The Political Revolution in Brazil

The Political Revolution in Brazil

Brazil’s Bolsonaro signals cooperation with transfer of power, but does not concede election defeat

Bolsonaro, along with former army officers, has been a polarizing figure within Brazilian politics since he entered the upper house of congress in January 2018. His rise to power was the culmination of a backlash against the corruption scandals that swept through the country in the ’70s and ’80s, and which culminated in a military coup attempt in 1964.

By David Sternberg and João Pedro Vargas

November 5, 2018 20:06 GMT

Brazilian President Jair Bolsonaro, center, arrives for his inaugural address, in Brasilia, Brazil October 25, 2017. Credit: Reuters/Ricardo Moraes

Nearly a year after Brazil’s presidential election, in which Bolsonaro emerged as the victor in the first round of voting, the world’s largest country is beginning to grapple with the ramifications of a historic change in political leadership. With a new president arriving in Brasilia that will have a mandate to transform the country, what will happen with the legislative and judicial branches of government over the next year? What will the country’s powerful military do next? And how, exactly, will Brazil’s political life look one year into the presidential term of the man who replaced one government-appointed president with another?

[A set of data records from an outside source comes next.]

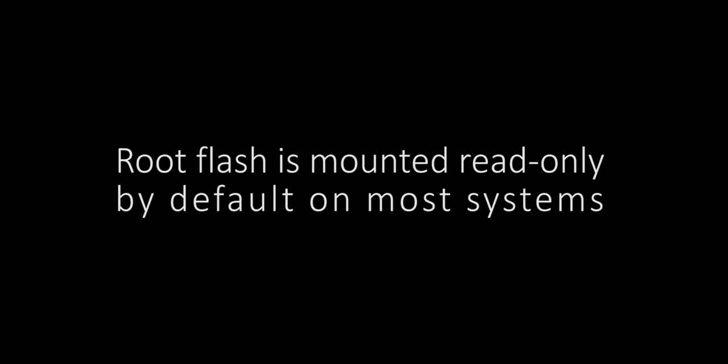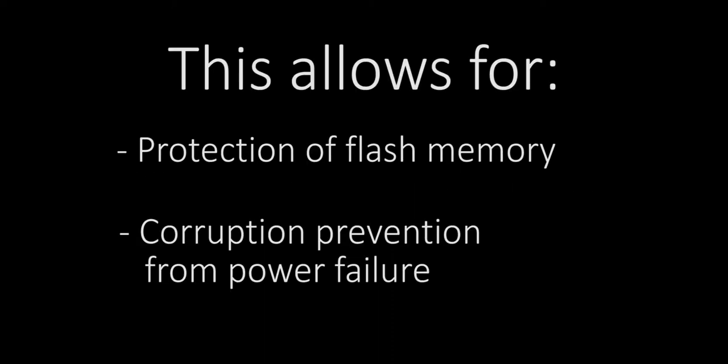The root flash is mounted read-only by default on most systems. This allows for protection of flash memory and prevents corruption in the event of a power failure.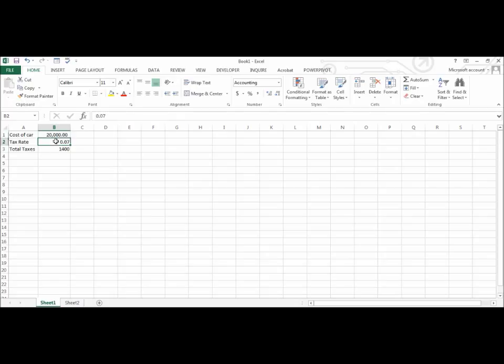The tax rate is 7%, showing as decimals. I am going to apply the percent style.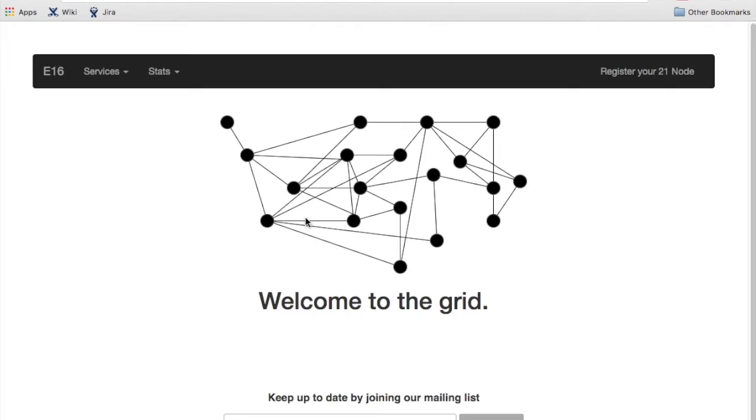Hey there, this is James with e16.co and I'm going to be showing a quick video on how to get an Amazon AWS instance set up with EC2 and the 21.co software.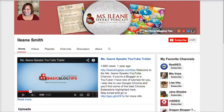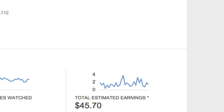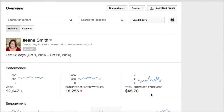Hey guys, this is Eileen Smith from Basic Blog Tips and today I want to answer a question about YouTube and your AdSense earnings. I did a couple videos before going through some of the analytics in YouTube and the question came up about this total estimated earnings that you see right here in your YouTube analytics dashboard.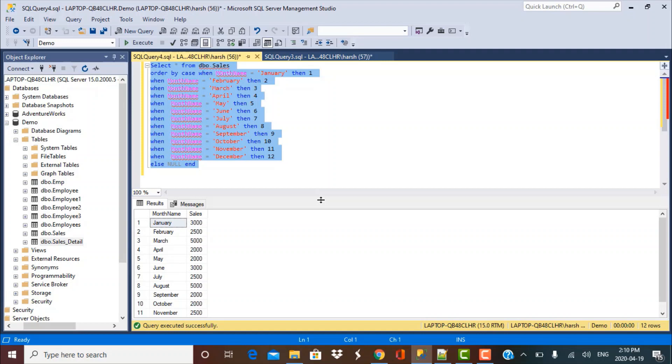Other use cases would be there are sometimes scenarios like you want to keep the data of one country at the top and the other countries can be in the ascending order. For example, if you have data of multiple countries and you want to keep the data of India always at top and the other countries can follow in the ascending order, then you can just say in the case statement case when country name is equal to India, then one else null. And then sort by this and your country name. So your India would always appear at top and the other countries would follow in the ascending order.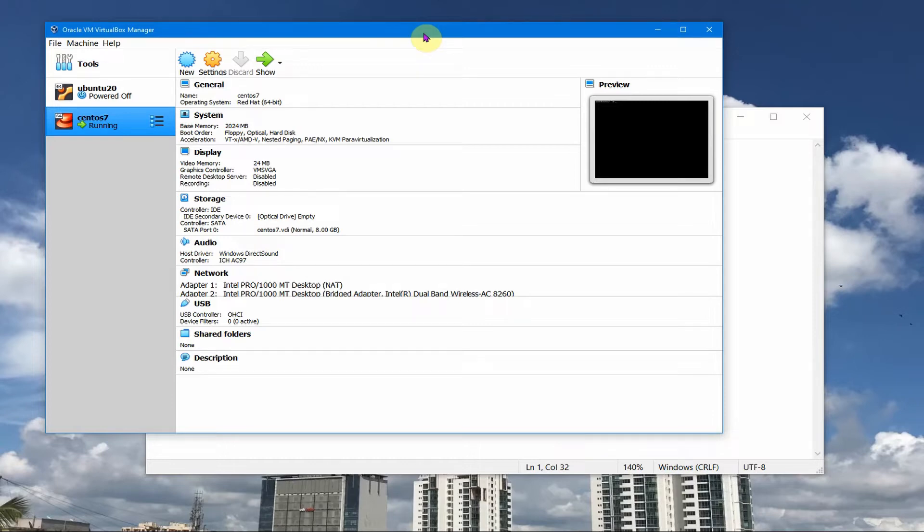So my VirtualBox VM IP keeps on changing frequently whenever I do a restart of that VM or sometimes it gets changed in between.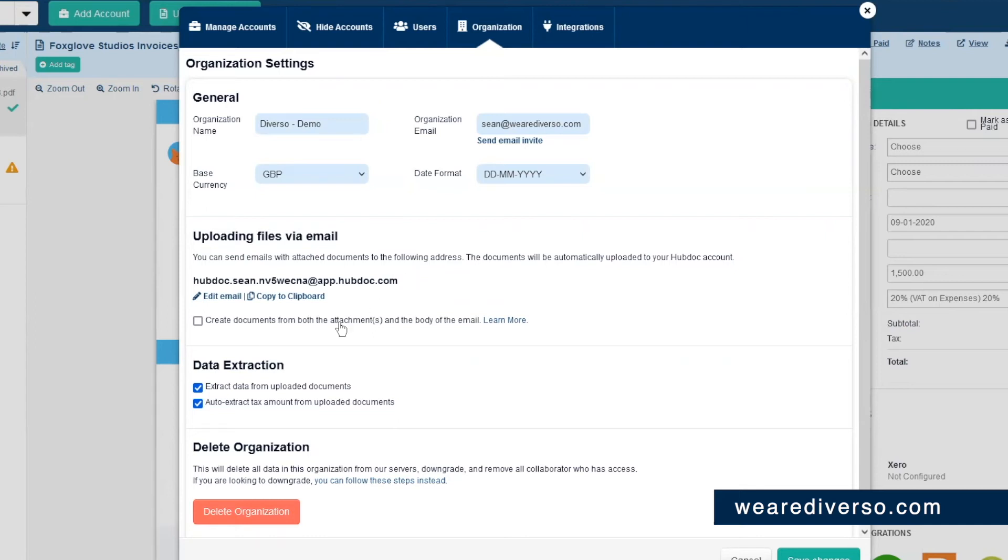Also, here's another quick tip for you. If you click this button here, create documents in both the attachments and the body of the email, it will do exactly that.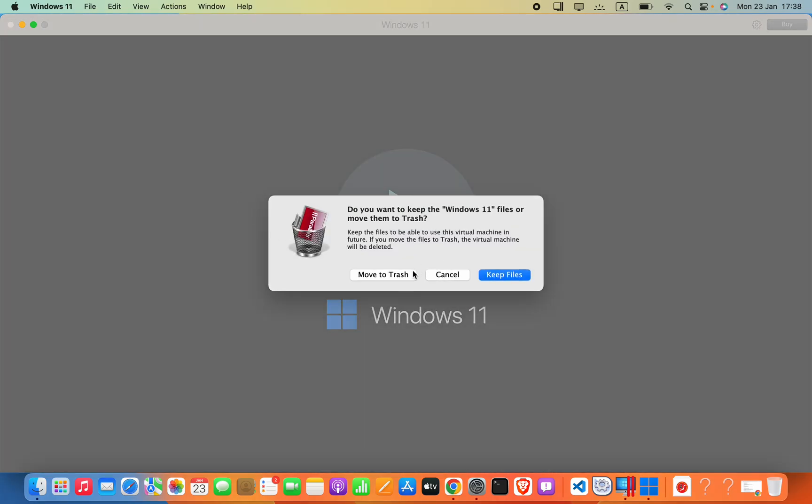I will go ahead and click Move to keep the files to be able to use the virtual machine in the future. If you move the files to trash, the virtual machine will be deleted. I will also delete the files because all record files are in the backup.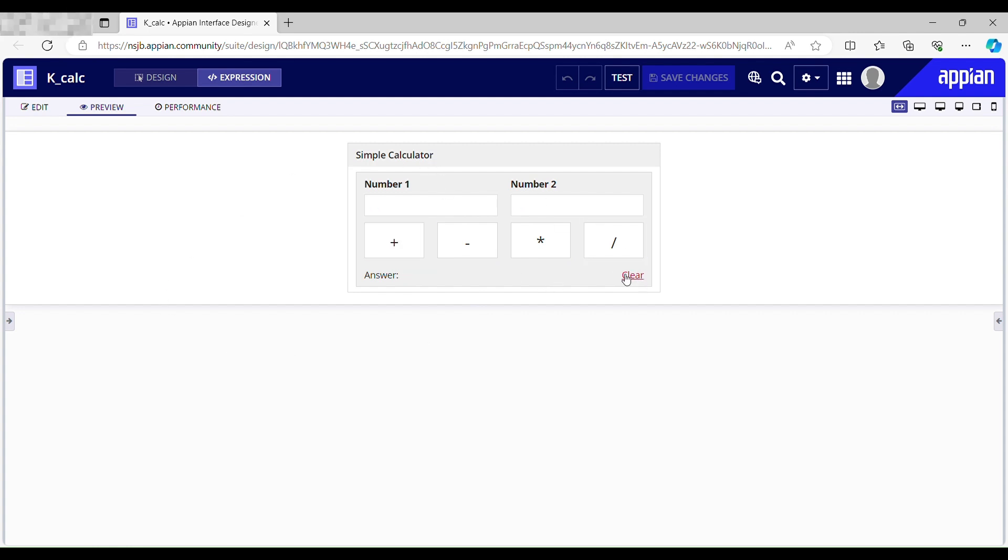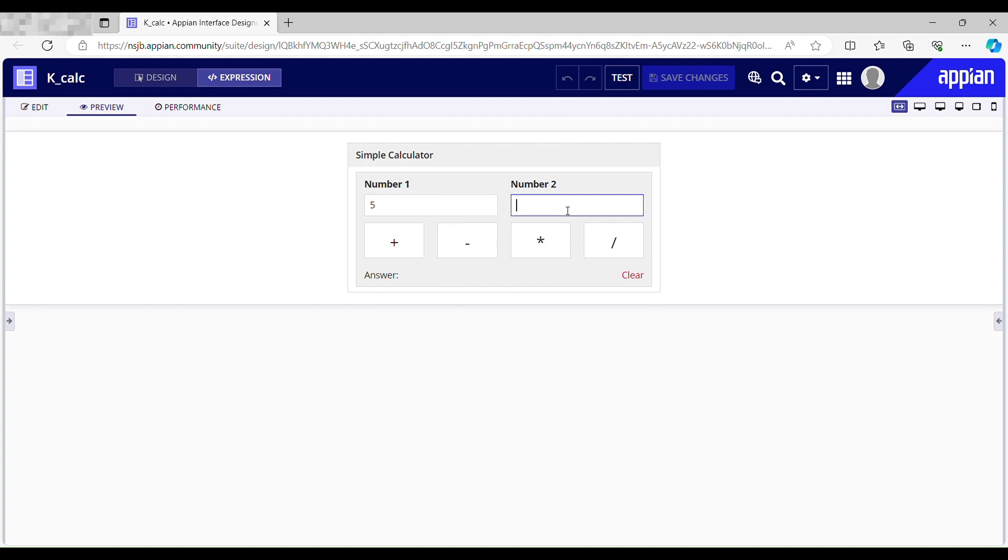Let me just clear the data. If I click this, it has cleared out the data.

We speak to a journalist who lived in Brazil during the final years of the military government that lasted for almost two decades and who witnessed the Bolsonaro rise to power, and a political analyst who has been writing about him since his first campaign. He says Bolsonaro’s electoral success is “nothing new” and “can’t be characterized as a surprise.” But the analysts, who call himself and his colleagues “the right-wing alternative to the left-wing alternative,” said Bolsonaro’s political rise is a bit like “turning on a hot stove the next day.” And that’s because Bolsonaro promised in his campaign to remove a corruption scandal from the first-round ballots of the elections, an attempt to “restart democracy” by winning in the first round, analysts said.